- ICD-9-CM: 50.22-50.4
- MeSH: D006498

= Hepatectomy =

Surgical removal (all or part) of the liver

Hepatectomy is the surgical resection (removal of all or part) of the liver. While the term is often employed for the removal of the liver from a liver transplant donor, this article will focus on partial resections of hepatic tissue and hepatoportoenterostomy.

==History==
The first hepatectomies were reported by Dr. Ichio Honjo (1913–1987) of (Kyoto University) in 1949, and Dr. Jean-Louis Lortat-Jacob (1908–1992) of France in 1952. In the latter case, the patient was a 58-year-old woman diagnosed with colorectal cancer which had metastasized to the liver.

==Indications==
Most hepatectomies are performed for the treatment of hepatic neoplasms, both benign or malign. Benign neoplasms include hepatocellular adenoma, hepatic hemangioma and focal nodular hyperplasia. The most common malignant neoplasms (cancers) of the liver are metastases; those arising from colorectal cancer are among the most common, and the most amenable to surgical resection. The most common primary malignant tumour of the liver is the hepatocellular carcinoma, followed by cholangiocarcinoma. Hepatectomy may also be the procedure of choice to treat intrahepatic gallstones or parasitic cysts of the liver. Partial hepatectomies are also performed to remove a portion of a liver from a living donor for transplantation.

==Technique==

A hepatectomy is considered a major surgical procedure performed under general anesthesia. Access is accomplished by laparotomy, historically by a bilateral subcostal ("chevron") incision, possibly with midline extension (Calne or "Mercedes-Benz" incision). Nowadays a broadly used approach for open liver resections is the J incision, consisting in a right subcostal incision with midline extension. The anterior approach, one of the most innovative, is made simpler by the liver hanging maneuver.

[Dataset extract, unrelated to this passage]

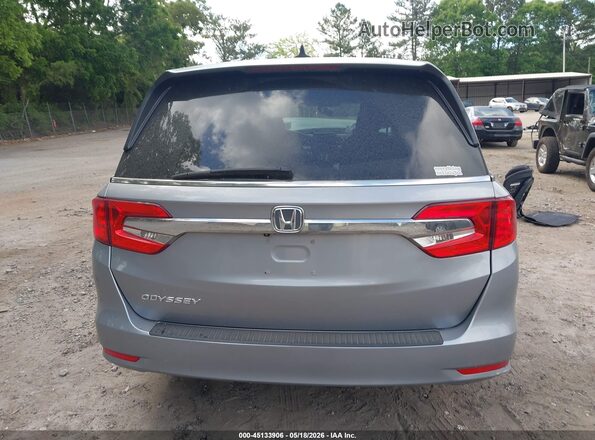 5FNRL6H7XJB046473 2018 HONDA ODYSSEY Silver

In most recent years the minimal invasive approach, consisting in laparoscopic and then robotic surgery, has become increasingly common in liver resective surgery.

Hepatectomies may be anatomic, i.e. the lines of resection match the limits of one or more functional segments of the liver as defined by the Couinaud classification (cf. liver#Functional anatomy); or they may be non-anatomic, irregular or "wedge" hepatectomies. Anatomic resections are generally preferred because of the smaller risk of bleeding and biliary fistula; however, non-anatomic resections can be performed safely as well in selected cases. Non-anatomic resection is associated with increased salvageability and re-resection in cases of recurrence.

The Pringle manoeuvre is usually performed during a hepatectomy to minimize blood loss; however, this can lead to reperfusion injury in the liver due to ischemia.

==Complications==
Bleeding is a feared technical complication and may be grounds for urgent reoperation. It has been demonstrated that the intraoperative blood loss during liver resections affects the outcome in terms of postoperative morbidity and mortality. Biliary fistula is also a possible complication, albeit one more amenable to nonsurgical management. Pulmonary complications such as atelectasis and pleural effusion are commonplace, and dangerous in patients with underlying lung disease. Infection is relatively rare.

Liver failure is the most serious complication of liver resection; this is a major deterrent in the surgical resection of hepatocellular carcinoma in patients with cirrhosis. It is also a problem, to a lesser degree, in patients with previous hepatectomies (e.g. repeat resections for reincident colorectal cancer metastases).

==Results==
Liver surgery is safe when performed by experienced surgeons with appropriate technological and institutional support. As with most major surgical procedures, there is a marked tendency towards optimal results at the hands of surgeons with high caseloads in selected centres (typically cancer centres and transplantation centres).

For optimal results, combination treatment with systemic or regionally infused chemo or biological therapy should be considered. Prior to surgery, cytotoxic agents such as oxaliplatin given systemically for colorectal metastasis, or chemoembolization for hepatocellular carcinoma can significantly decrease the size of the tumor bulk, allowing then for resections which would remove a segment or wedge portion of the liver only. These procedures can also be aided by application of liver clamp (Lin or Chu liver clamp; Pilling no.604113-61995) in order to minimize blood loss.

==Etymology==
The word "hepatectomy" is derived from Greek. In Greek liver is hepar and -ectomy comes from the Greek ektomē, "to remove."